# enemas before birth? advice please!



## mudpuddle (Mar 12, 2007)

ok so I am very aware that pooping during pushing is a common occurance. But i'm horrified by the thought of it. Especially the thought of dp witnessing it. I think I would much rather have an enema before hand to prevent it from happening during labor. Does this really prevent it from coming out while pushing though? I'd hate to go through the hassle/embarassment of the enema just to have it happen anyway...

my midwife has never brought it up so i dont know if they even offer it at the hospital i will be going to.

I may also have to be induced, which i heard makes it more likely to happen bc your bowels do not naturaly "cleanse" themselves before labor.

Ive also heard of many women giving themselves enemas at home before going to the hospital.
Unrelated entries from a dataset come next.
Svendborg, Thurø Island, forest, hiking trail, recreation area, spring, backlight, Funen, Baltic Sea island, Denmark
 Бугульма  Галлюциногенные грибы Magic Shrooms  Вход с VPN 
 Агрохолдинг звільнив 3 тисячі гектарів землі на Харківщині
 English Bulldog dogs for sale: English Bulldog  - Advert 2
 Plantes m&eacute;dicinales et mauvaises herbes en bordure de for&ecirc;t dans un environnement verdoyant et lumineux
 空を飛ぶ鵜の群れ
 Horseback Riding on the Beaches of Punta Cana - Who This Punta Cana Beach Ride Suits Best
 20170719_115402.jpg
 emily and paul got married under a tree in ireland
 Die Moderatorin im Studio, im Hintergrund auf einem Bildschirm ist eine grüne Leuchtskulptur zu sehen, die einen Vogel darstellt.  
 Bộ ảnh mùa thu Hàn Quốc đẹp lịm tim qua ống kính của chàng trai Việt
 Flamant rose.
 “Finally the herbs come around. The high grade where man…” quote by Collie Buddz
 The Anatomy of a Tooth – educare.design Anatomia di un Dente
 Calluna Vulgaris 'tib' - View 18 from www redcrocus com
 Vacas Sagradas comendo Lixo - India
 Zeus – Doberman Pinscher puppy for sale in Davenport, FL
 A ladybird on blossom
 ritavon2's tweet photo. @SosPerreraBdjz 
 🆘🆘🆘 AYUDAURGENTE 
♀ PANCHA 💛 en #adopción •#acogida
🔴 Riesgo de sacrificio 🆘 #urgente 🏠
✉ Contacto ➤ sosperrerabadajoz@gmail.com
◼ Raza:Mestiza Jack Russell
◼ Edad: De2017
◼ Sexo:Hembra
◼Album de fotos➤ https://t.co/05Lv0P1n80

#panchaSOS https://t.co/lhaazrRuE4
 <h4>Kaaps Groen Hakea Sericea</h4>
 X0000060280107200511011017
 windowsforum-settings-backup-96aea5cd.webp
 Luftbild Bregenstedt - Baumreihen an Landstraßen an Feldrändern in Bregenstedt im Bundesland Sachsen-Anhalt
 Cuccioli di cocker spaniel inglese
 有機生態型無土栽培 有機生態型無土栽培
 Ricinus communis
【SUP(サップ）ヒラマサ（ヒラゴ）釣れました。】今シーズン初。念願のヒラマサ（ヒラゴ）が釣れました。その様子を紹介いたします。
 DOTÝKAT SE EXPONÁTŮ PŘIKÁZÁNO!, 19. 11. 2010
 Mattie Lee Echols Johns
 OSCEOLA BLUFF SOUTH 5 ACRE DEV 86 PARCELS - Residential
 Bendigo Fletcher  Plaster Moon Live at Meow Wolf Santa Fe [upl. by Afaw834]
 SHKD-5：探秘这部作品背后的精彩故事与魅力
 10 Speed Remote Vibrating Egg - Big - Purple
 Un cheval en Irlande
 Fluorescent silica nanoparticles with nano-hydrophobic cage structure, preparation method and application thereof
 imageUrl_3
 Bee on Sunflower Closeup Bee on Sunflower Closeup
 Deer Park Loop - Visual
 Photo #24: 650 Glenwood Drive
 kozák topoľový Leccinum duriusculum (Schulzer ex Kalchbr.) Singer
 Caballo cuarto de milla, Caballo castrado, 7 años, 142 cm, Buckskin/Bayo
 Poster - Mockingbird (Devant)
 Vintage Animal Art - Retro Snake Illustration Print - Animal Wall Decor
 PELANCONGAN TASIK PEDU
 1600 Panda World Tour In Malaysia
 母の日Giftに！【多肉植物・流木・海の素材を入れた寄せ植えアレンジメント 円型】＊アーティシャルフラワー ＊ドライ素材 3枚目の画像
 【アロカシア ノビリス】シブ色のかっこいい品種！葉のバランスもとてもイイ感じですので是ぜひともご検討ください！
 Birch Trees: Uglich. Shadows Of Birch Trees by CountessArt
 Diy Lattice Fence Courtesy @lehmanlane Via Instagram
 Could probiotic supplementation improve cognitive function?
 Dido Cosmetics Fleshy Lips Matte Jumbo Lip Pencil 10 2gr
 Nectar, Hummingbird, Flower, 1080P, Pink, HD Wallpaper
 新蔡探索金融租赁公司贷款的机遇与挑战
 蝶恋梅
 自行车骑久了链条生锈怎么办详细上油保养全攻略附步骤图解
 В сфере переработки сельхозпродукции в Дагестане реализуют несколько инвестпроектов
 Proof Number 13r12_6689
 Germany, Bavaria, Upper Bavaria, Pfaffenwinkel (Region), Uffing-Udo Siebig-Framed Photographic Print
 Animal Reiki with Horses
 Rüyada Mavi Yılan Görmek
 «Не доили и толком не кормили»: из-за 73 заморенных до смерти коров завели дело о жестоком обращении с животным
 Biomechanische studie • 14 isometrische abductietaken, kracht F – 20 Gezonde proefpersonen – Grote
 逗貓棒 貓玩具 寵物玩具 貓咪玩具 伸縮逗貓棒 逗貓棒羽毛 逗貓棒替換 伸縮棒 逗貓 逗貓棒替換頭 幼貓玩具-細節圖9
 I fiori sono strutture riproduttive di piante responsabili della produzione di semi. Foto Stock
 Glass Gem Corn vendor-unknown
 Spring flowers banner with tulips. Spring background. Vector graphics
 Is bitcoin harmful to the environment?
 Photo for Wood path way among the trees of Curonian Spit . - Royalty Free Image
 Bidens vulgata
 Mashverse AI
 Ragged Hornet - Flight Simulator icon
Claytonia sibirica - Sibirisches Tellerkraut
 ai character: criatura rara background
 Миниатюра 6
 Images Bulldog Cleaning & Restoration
Is this safe? How do you do it? what do you use? what do you have to buy?

I'm counting down the days till babys birth, and this is one thing that i can't seem to relax about. silly i know. but any advice would be wonderful.








:


----------



## ktmelody (Aug 14, 2006)

I am getting induced on weds for IUGR. I just started today with an enema.
I am going to do one monday and tuesday as well.
I figure it is best to do it in the privacy of my own home and cleanse things out while I am not in horrid pain.
I just use an enema bag that you can get at CVS.
I have heard that enemas can induce labor in some women, so you should be careful. I have had no problems with cramping or anything after wards. I have done home enemas before the birth of my last 2 kids also.
I would only recommend to do it right before an induction or at the first signs of labor.
Some people are wierd about enemas, but I would rather have an enema than poop during labor and have my DC's see it. I could care less if DH sees it, but not the kids.
You could also ask the hopsital to give you one when you get there.


----------



## CarolynnMarilynn (Jun 3, 2004)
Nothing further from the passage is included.